Best matches for a partially specified word in Python

I have a file dict.txt that has all words in the English language.
The user will input their word:
x = raw_input("Enter partial word: ")
Example inputs would be: r-n, --n, -u-, he--o, h-llo and so on, unknown characters would be specified by a underscore preferably instead of (-).
I want the program to come up with a list, of all the best matches that are found in the dictionary.
Example: If partial word was r--, the list would contain run, ran, rat, rob and so on.
Is there any way to do this using for loops?

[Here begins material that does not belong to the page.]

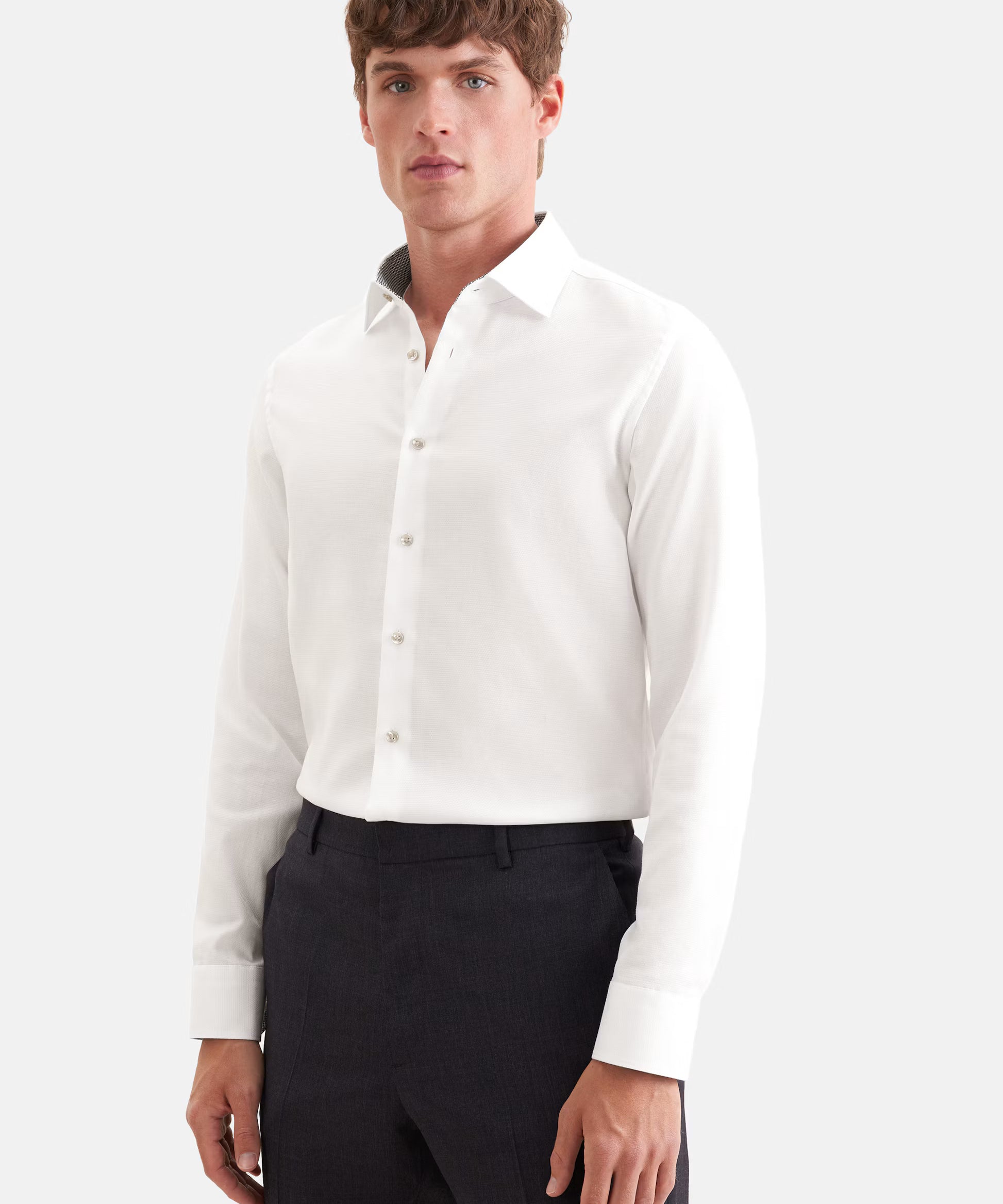 Chemise Business blanche sans repassage Seidensticker à coupe ajustée portée col ouvert avec un pantalon de costume sombre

One easy way to do this would be by using regular expressions. Since it is unclear whether this question is homework, the details are left as an exercise for the reader.
Instead of using _ to denote wildcards, use \w instead. Add \b to the beginning and end of the pattern, then just run the dictionary through a regexp matcher. So -un--- becomes:
>>> import re
>>> re.findall(r'\b\wun\w\w\w\b', "run runner bunt bunter bunted bummer")

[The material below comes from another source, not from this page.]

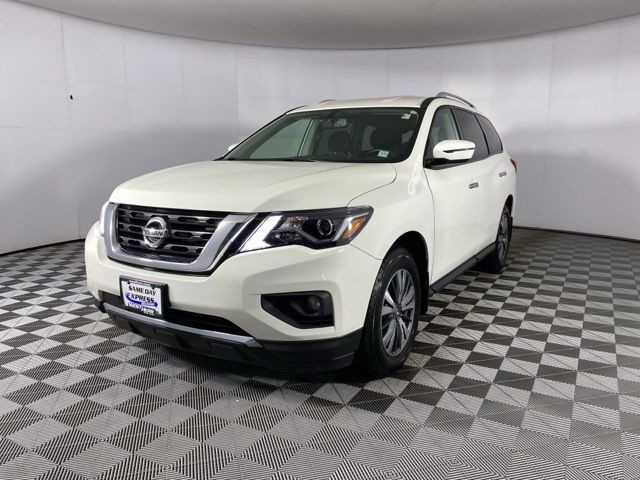 2020 Nissan Pathfinder SV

['runner', 'bunter', 'bunted']
\w matches any 'word character'. \b matches any word boundary.
If you want to do this repeatedly you should create a index:
wordlist = [word.strip() for word in "run, ran, rat, rob, fish, tree".split(',')]
from collections import defaultdict
class Index(object):
def __init__(self, wordlist=()):
self.trie = defaultdict(set)
for word in wordlist:
self.add_word(word)
def add_word(self, word):
""" adds word to the index """
# save the length of the word
self.trie[len(word)].add(word)
for marker in enumerate(word):
# add word to the set of words with (pos,char)

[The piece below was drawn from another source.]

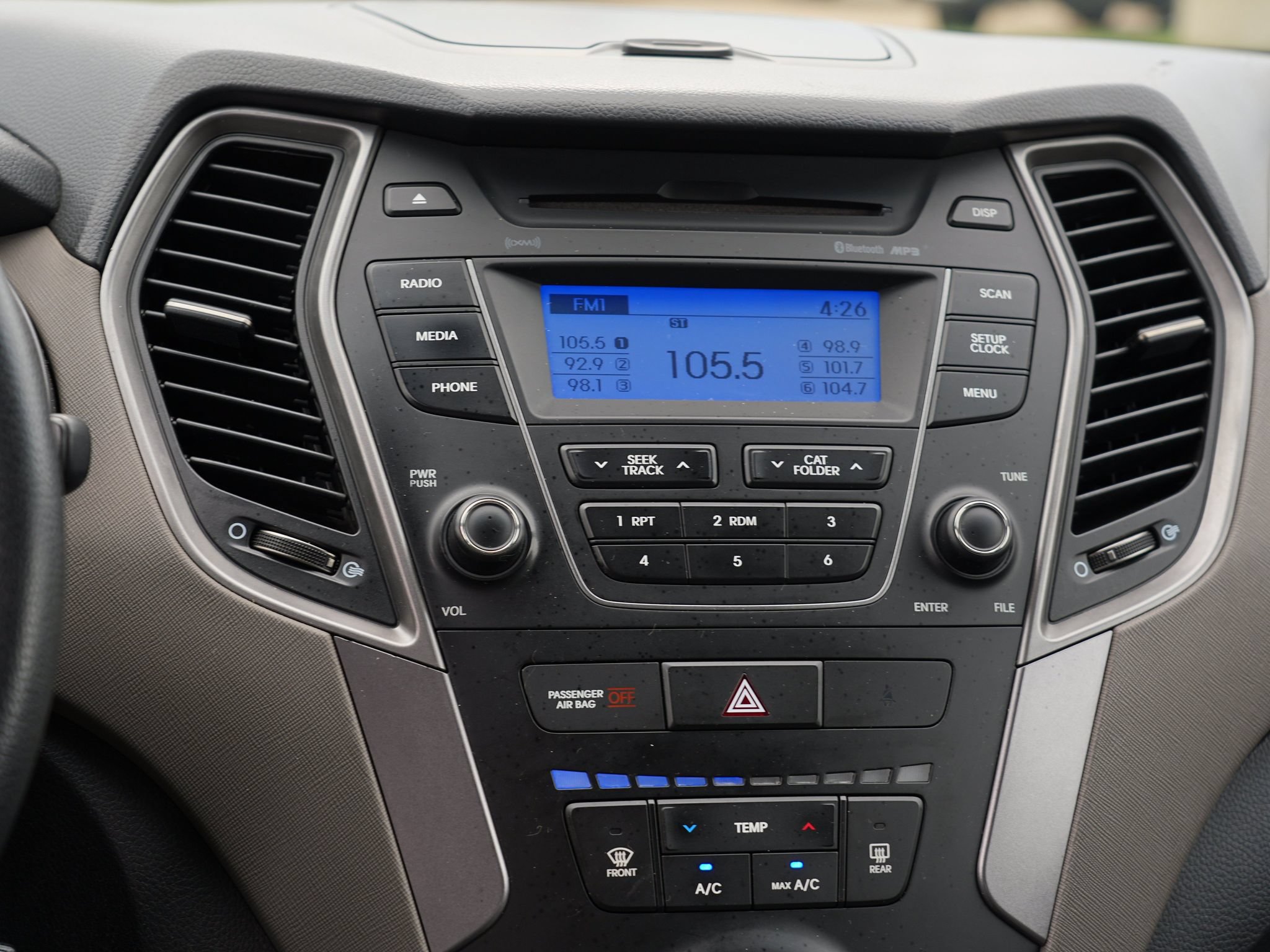 Used 2014 Hyundai Santa Fe Sport AWD/4WD image 22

self.trie[marker].add(word)
def find(self, pattern, wildcard='-' ):
# get all word with matching length as candidates
candidates = self.trie[len(pattern)]
# get all words with all the markers
for marker in enumerate(pattern):
if marker[1] != wildcard:
candidates &= self.trie[marker]
# exit early if there are no candicates
if not candidates:
return None
return candidates
with open('dict.txt', 'rt') as lines:
wordlist = [word.strip() for word in lines]
s = Index(wordlist)
print s.find("r--")
Tries are made for searching strings. This is a simple prefix trie, using a single dict.
Sounds like homework involving searching algorithms or something, but I'll give you a start.
One solution might be to index the file (if this can be done in a reasonable time) into a tree structure with each character representing a node value and each child being all subsequent characters. You could then traverse the tree using the input as a map. A character represents the next node to go to and a dash represents that it should include all child nodes. Every time you hit a leaf n levels deeps with n being the length of the input you know you've found a match.
The nice thing is that once you index, your search will speed up considerably. It's the indexing that can take forever...
Takes a bit of memory but this does the trick:
import re
import sys
word = '\\b' + sys.argv[1].replace('-', '\\w') + '\\b'
print word
with open('data.txt', 'r') as fh:
print re.findall(word, fh.read())
A few approaches occur to me;
The first is to preprocess your dictionary into words[wordlength][offset][charAtOffset] = set(matching words); then your query becomes an intersection of all relevant word-sets. Very fast, but memory-intensive and a lot of set-up work.
Ex:
# search for 'r-n'
matches = list(words[3][0]['r'] & words[3][2]['n'])
The second is a linear scan of the dictionary using regular expressions; much slower, but minimal memory footprint.
Ex:
import re
foundMatch = re.compile('r.n').match
matches = [word for word in allWords if foundMatch(word)]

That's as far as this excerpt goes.